### Work instruction
Begin the copy at the line that contains "Executive Compensation in", end it at the last line of the entries below, keep every word exact, and include no pictures.

### Records
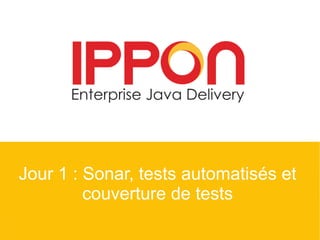 Jour 1 : Sonar, tests automatisés et
couverture de tests
 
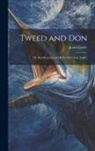 James Locke - Tweed and Don; or, Recollections and Reflections of an Angler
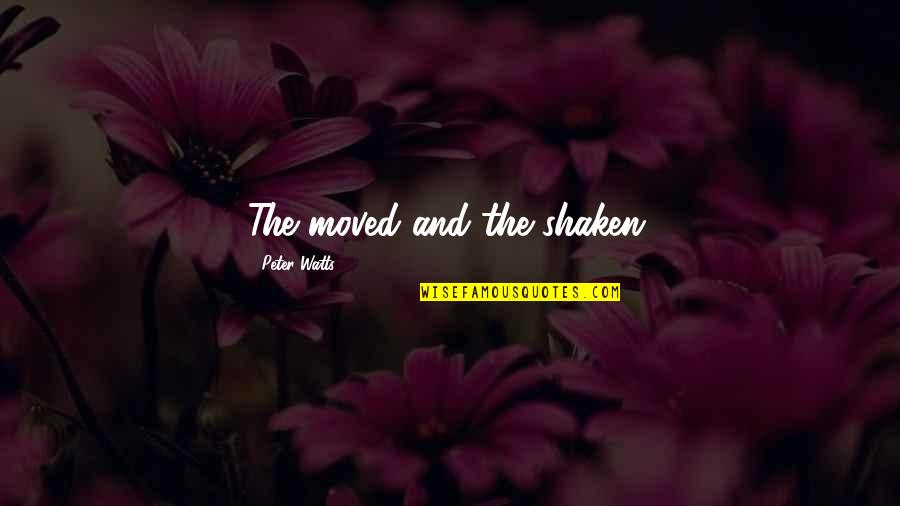 Ousseini Tinni Quotes By Peter Watts: The moved and the shaken. Ousseini Tinni Quotes By Peter Watts: The moved and the shaken.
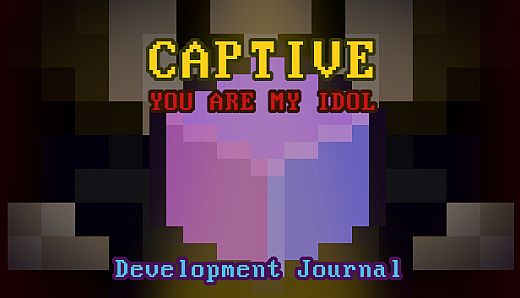 Captive: You Are My Idol - Development Journal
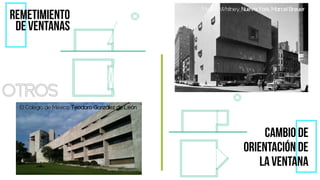 Museo Whitney, Nueva York, Marcel Breuer
El Colegio de México, Teodoro González de León
 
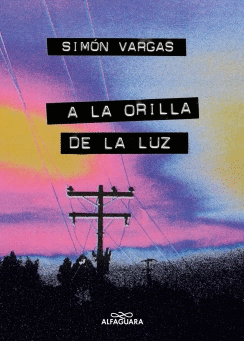 A LA ORILLA DE LA LUZ.
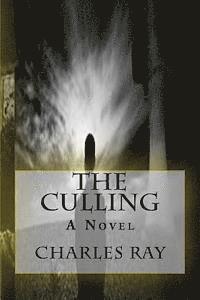 Charles Ray - The Culling, Häftad
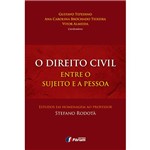 Livro - o Direito Civil Entre o Sujeito e a Pessoa: Estudos em Homenagem ao Professor Stefano Rodotà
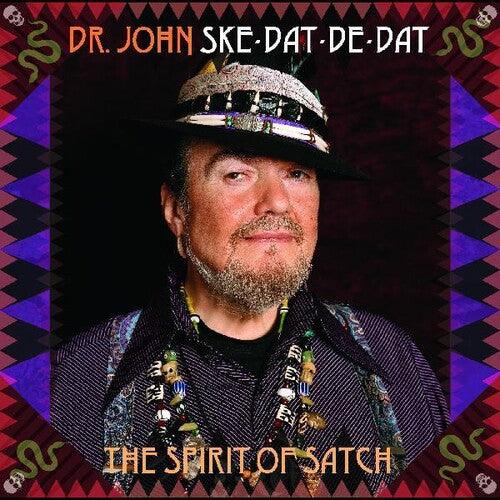Dr. John - Ske Dat De Dat - The Spirit Of Satch - Good Records To Go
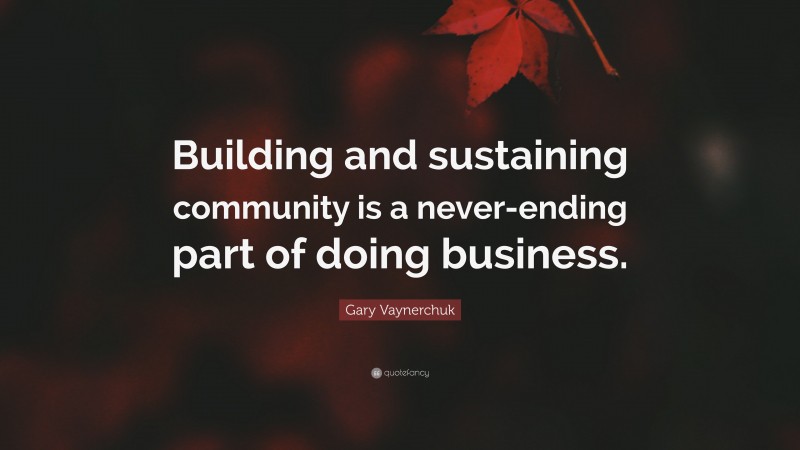 Gary Vaynerchuk Quote: “Building and sustaining community is a never-ending part of doing business.”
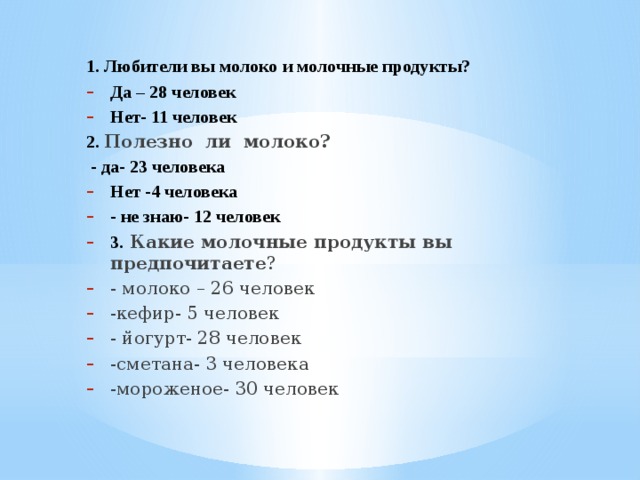 1. Любители вы молоко и молочные продукты? Да – 28 человек Нет- 11 человек 2. Полезно ли молоко?  - да- 23 человека Нет -4 человека - не знаю- 12 человек 3.  Какие молочные продукты вы предпочитаете ? - молоко – 26 человек -кефир- 5 человек - йогурт- 28 человек -сметана- 3 человека -мороженое- 30 человек  
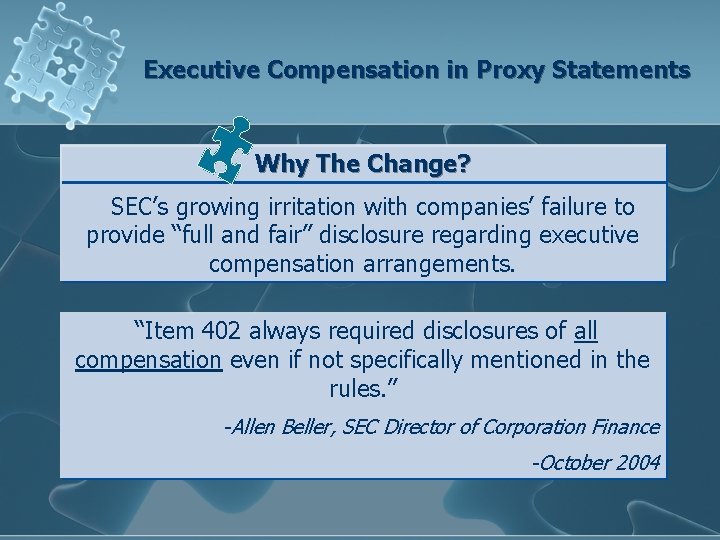 Executive Compensation in Proxy Statements Why The Change? SEC’s growing irritation with companies’ failure
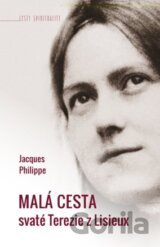 Malá cesta svaté Terezie z Lisieux
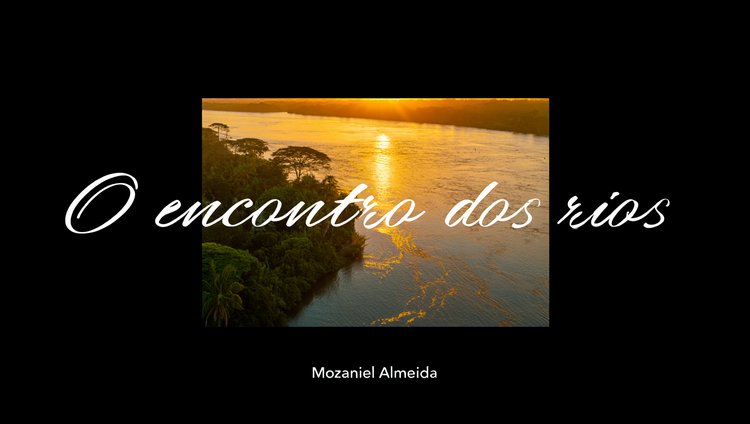 O encontro dos rios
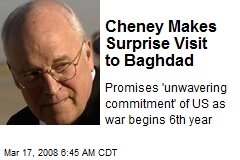 Cheney Makes Surprise Visit to Baghdad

### Task result
 Executive Compensation in Proxy Statements Why The Change? SEC’s growing irritation with companies’ failure
 Malá cesta svaté Terezie z Lisieux
 O encontro dos rios
 Cheney Makes Surprise Visit to Baghdad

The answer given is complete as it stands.